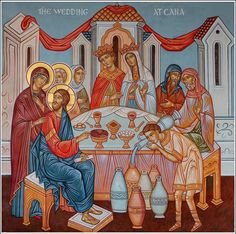 an icon depicting the last supper of jesus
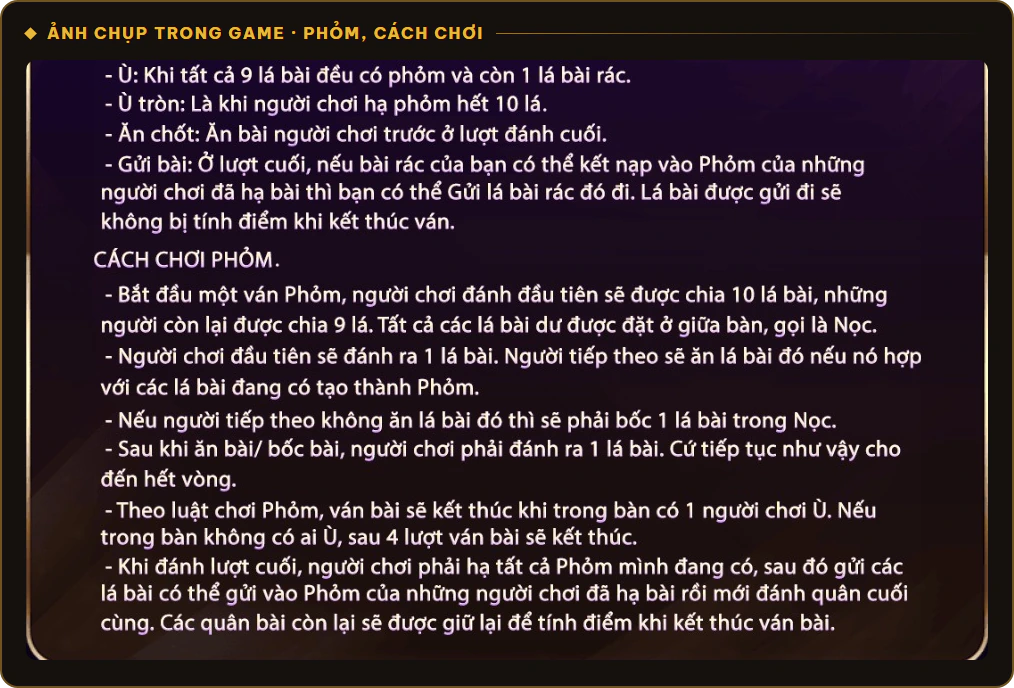 Cách chơi một ván Phỏm Sunwin từ chia bài, ăn, bốc tới hạ phỏm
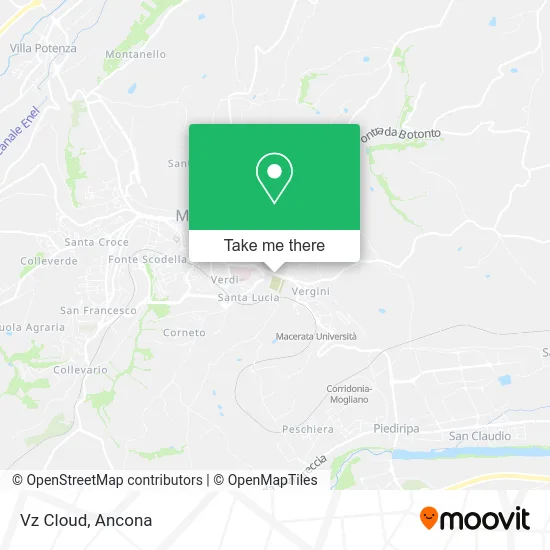 Vz Cloud map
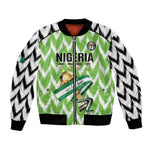 Custom Nigeria Football Bomber Jacket Super Eagles - Let’s Do It Again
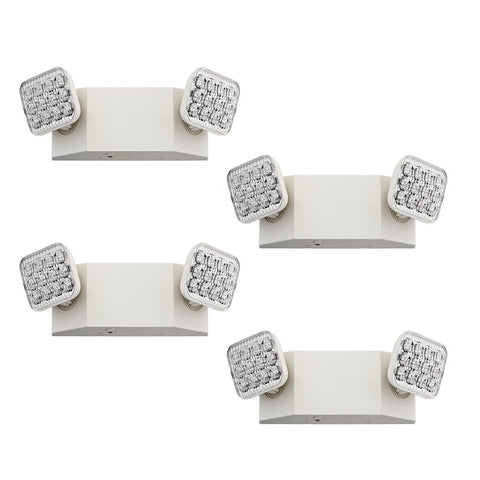 Lithonia Lighting Basics emergency light with dual adjustable LED heads for reliable stairwell illumination.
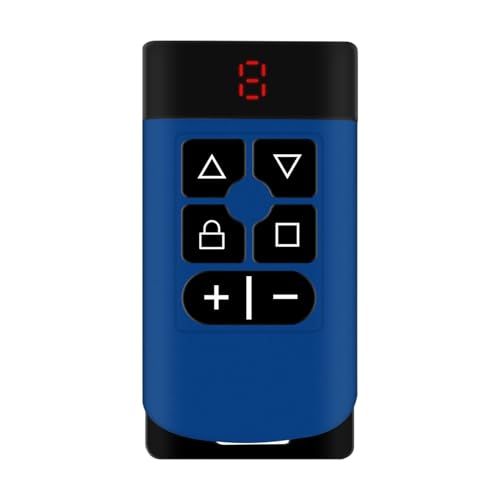 Mando a distancia para puerta de garaje - Llavero De 2 Pulgadas, Controlador Duplicador ABS, Puerta Eléctrica Multifrecuencia Y Control Remoto Para Puerta De Garaje Para Seguridad Doméstica Fácil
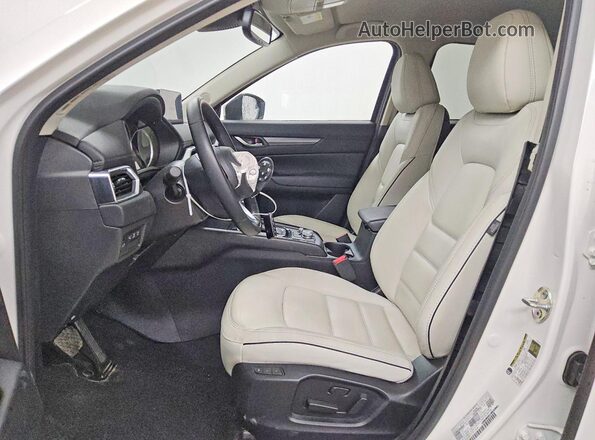JM3KFBCM6S0712170 2025 MAZDA CX-5 White Սալոնի դիմացի տեսք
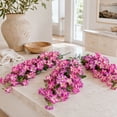 thumbnail image 4 of UV Resistant Artificial Petunia Bush Flower, Realistic Faux Petunia Floral Shrub, Outdoor Indoor Decor for Garden Patio Window Box Bonsaier Landscaping Home Decoration (Purple Blue Pink), Hot Pink, 4 of 5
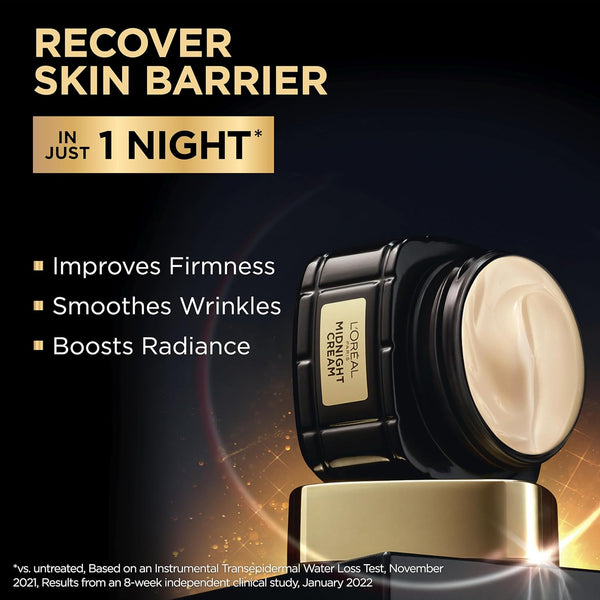 L'Oreal Paris Age Perfect Anti-Aging Midnight Cream, Face Moisturizer, 1.7oz, Serum Sample, Sensitive Skin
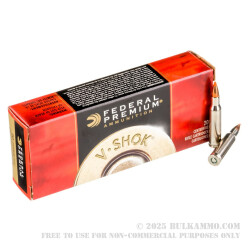 20 Rounds of .222 Rem Ammo by Federal - 40gr Nosler Ballistic Tip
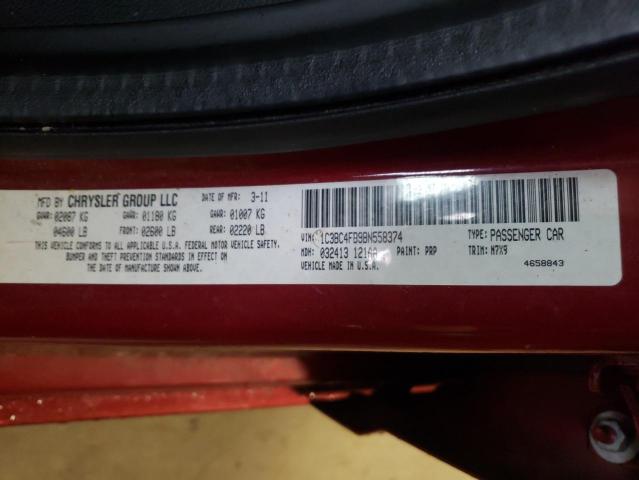 Photo 10 from auction – 2011 CHRYSLER 200 LX with VIN 1C3BC4FB9BN558374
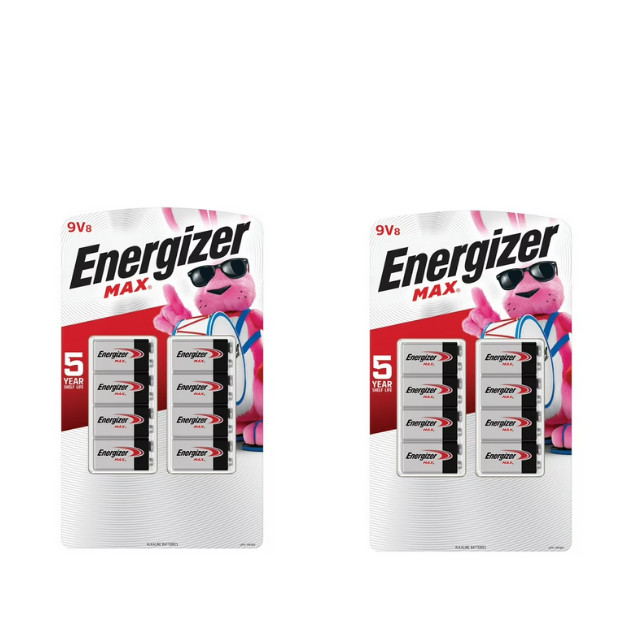 Energizer Max 9V Batteries- 2 Packs of 8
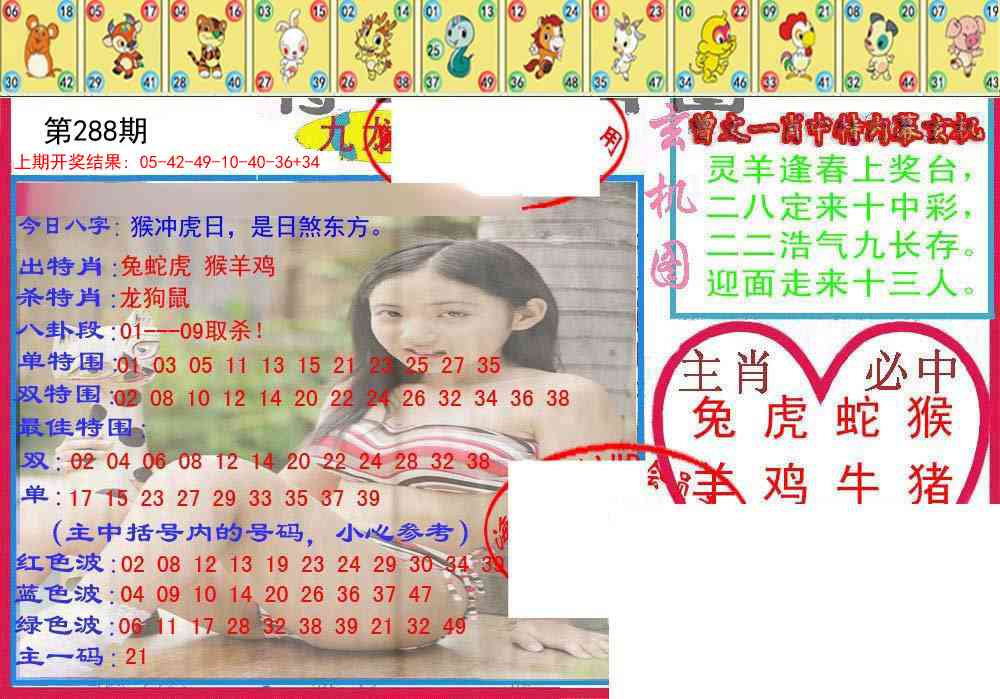288期特码生肖图[图]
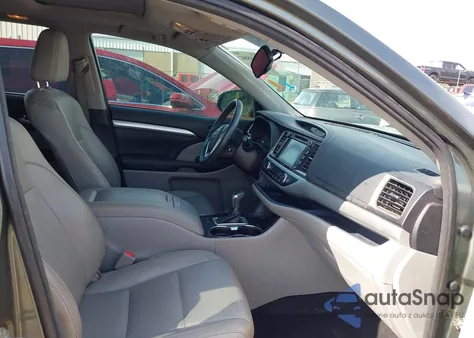 2016 Toyota Highlander Xle V6 from USA, damaged, VIN 5TDJKRFH6GS263522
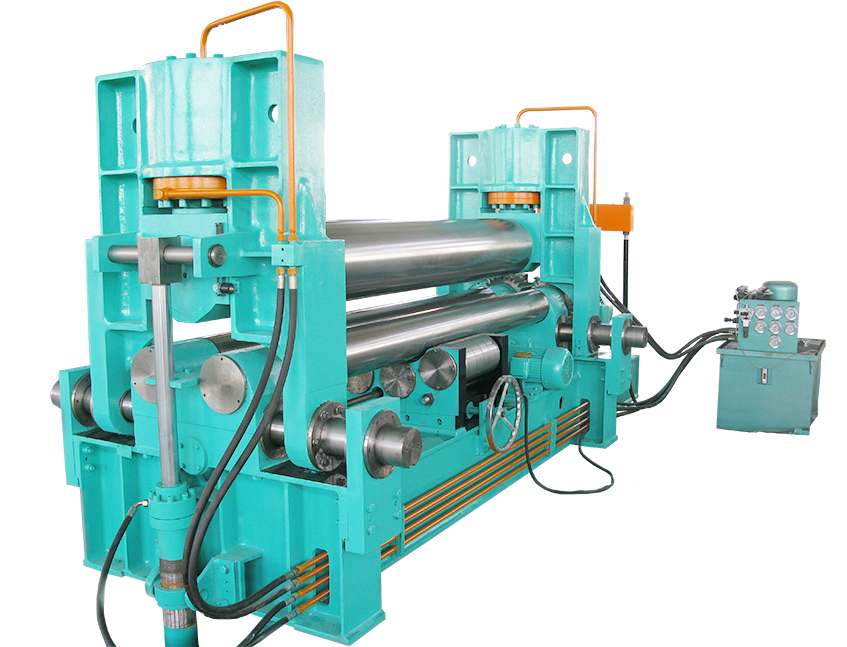 W11SNC-20x3000 three rollers hydraulic plate bending machine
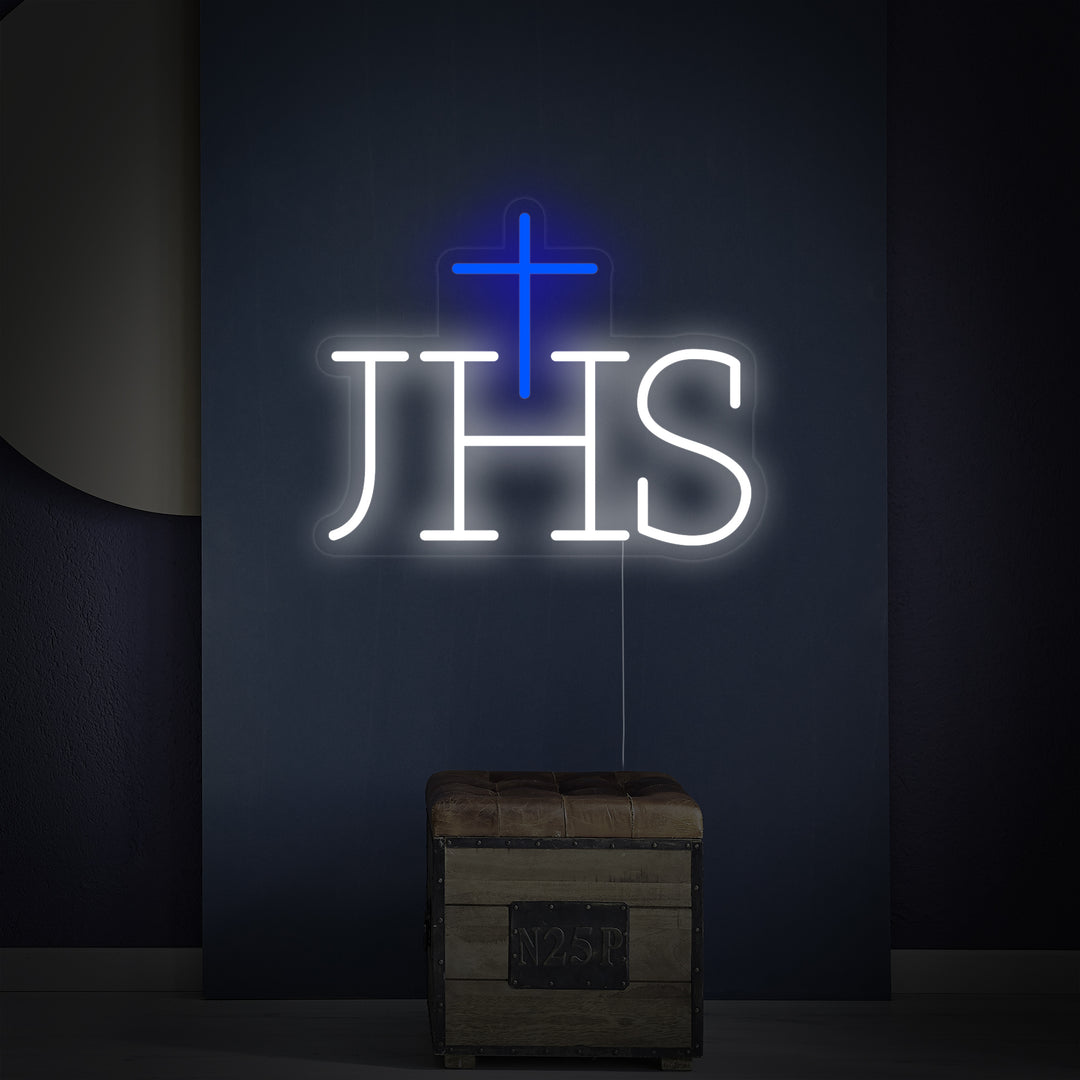 "Ihs Jesus Symbol" Enseigne Lumineuse en Néon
______________________________
Description of the task: Please reproduce the records above exactly and leave any picture behind.

Response to the task:
 an icon depicting the last supper of jesus
 Cách chơi một ván Phỏm Sunwin từ chia bài, ăn, bốc tới hạ phỏm
 Vz Cloud map
 Custom Nigeria Football Bomber Jacket Super Eagles - Let’s Do It Again
 Lithonia Lighting Basics emergency light with dual adjustable LED heads for reliable stairwell illumination.
 Mando a distancia para puerta de garaje - Llavero De 2 Pulgadas, Controlador Duplicador ABS, Puerta Eléctrica Multifrecuencia Y Control Remoto Para Puerta De Garaje Para Seguridad Doméstica Fácil
JM3KFBCM6S0712170 2025 MAZDA CX-5 White Սալոնի դիմացի տեսք
 thumbnail image 4 of UV Resistant Artificial Petunia Bush Flower, Realistic Faux Petunia Floral Shrub, Outdoor Indoor Decor for Garden Patio Window Box Bonsaier Landscaping Home Decoration (Purple Blue Pink), Hot Pink, 4 of 5
 L'Oreal Paris Age Perfect Anti-Aging Midnight Cream, Face Moisturizer, 1.7oz, Serum Sample, Sensitive Skin
 20 Rounds of .222 Rem Ammo by Federal - 40gr Nosler Ballistic Tip
 Photo 10 from auction – 2011 CHRYSLER 200 LX with VIN 1C3BC4FB9BN558374
 Energizer Max 9V Batteries- 2 Packs of 8
288期特码生肖图[图]
 2016 Toyota Highlander Xle V6 from USA, damaged, VIN 5TDJKRFH6GS263522
 W11SNC-20x3000 three rollers hydraulic plate bending machine
 "Ihs Jesus Symbol" Enseigne Lumineuse en Néon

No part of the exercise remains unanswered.